More than 10 years after the release of her first album, 30-something Liz Phair is positioned to be the next Avril Lavigne — and she doesn’t mind a bit.

Her new, self-titled set on Capitol, Liz Phair — which takes the alt-rocker in a decidedly mainstream direction — “represents me trying to get the voice of an authentic woman where young girls will hear it,” Phair says.

“I feel very frustrated with music and women and their role. I hope to God I can take my name at the end of this and make my own little recordings, but nobody made me do anything. If you hate this, point at me.”

In fact, whether the new album fails or succeeds, Phair insists she’ll win either way.

“A few years ago, I waged a campaign to get off the label,” Phair says. “If I only sold 100,000 records, I’d still make more money than if I sold 1 million on a major. Major labels give you a lot of flattery and perks, but you’re not an entrepreneur, and once you get in your 30s, that bothers you. It bothers me.”
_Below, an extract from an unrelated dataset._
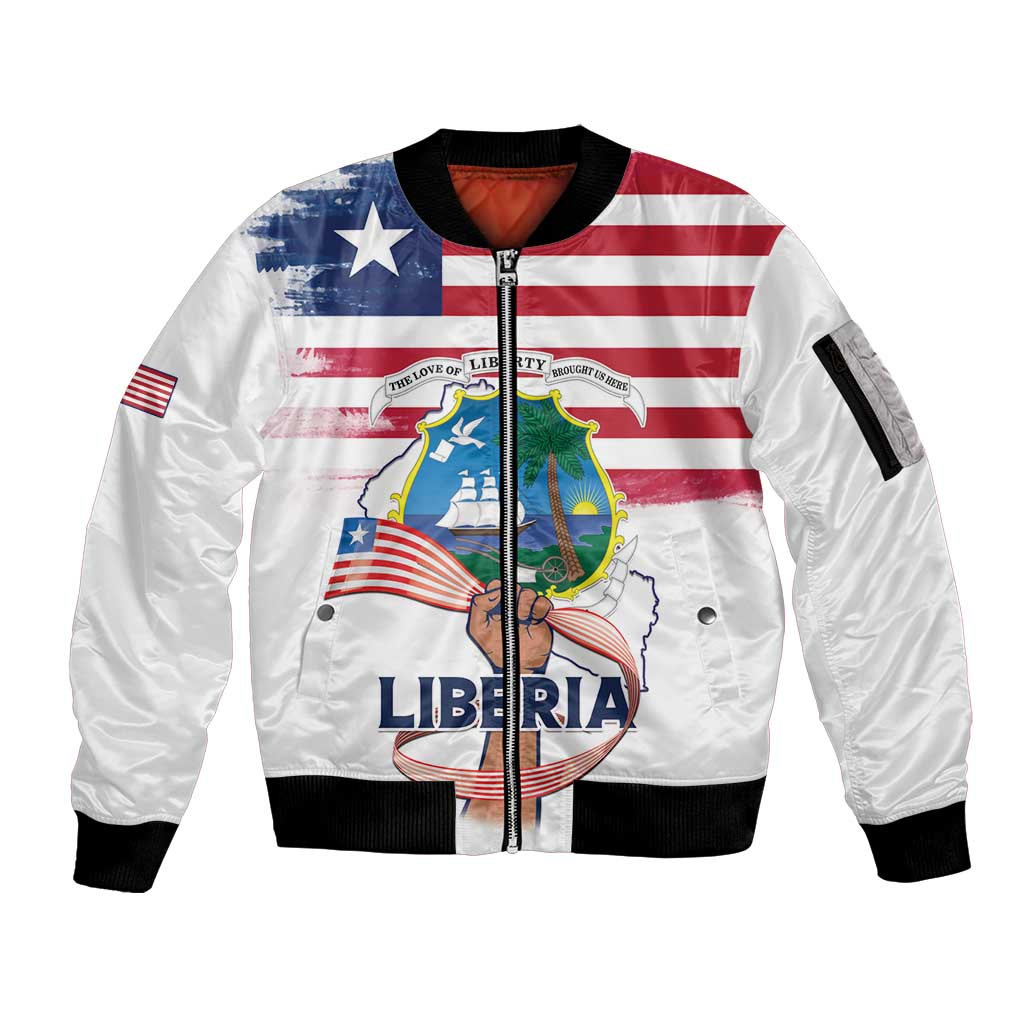 Personalised Liberia Flag Day Sleeve Zip Bomber Jacket Our Flag Our Pride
Capitol, however, wasn’t ready to cut Phair loose. Her 1994 debut for the label, Exile in Guyville, sold 401,000 copies, according to Nielsen SoundScan; follow-up Whip-Smart moved 393,000; and 1998’s Whitechocolatespaceegg sold 269,000 copies. Convinced that she could yet be made a pop star, for the new album the label introduced her to songwriting trio the Matrix, which co-wrote and co-produced much of Lavigne’s Arista debut “Let Go”.

The pairing resulted in four songs on Phair’s fourth effort. The album sees the singer/songwriter shying away from the oddball melodies and conversational lyrics that marked her earlier work. Instead, the new album shimmers with major-label gloss.

“At one point [then Capitol president] Roy Lott was like, ‘We want a verse-chorus-verse-chorus-bridge-double chorus.’ So I was like, ‘If that’s what you want, fine.’ I’m still writing all those quirky, weird songs. They just don’t reach people.”

Yet how can an artist who is frustrated with the major-label system be comfortable as part of it?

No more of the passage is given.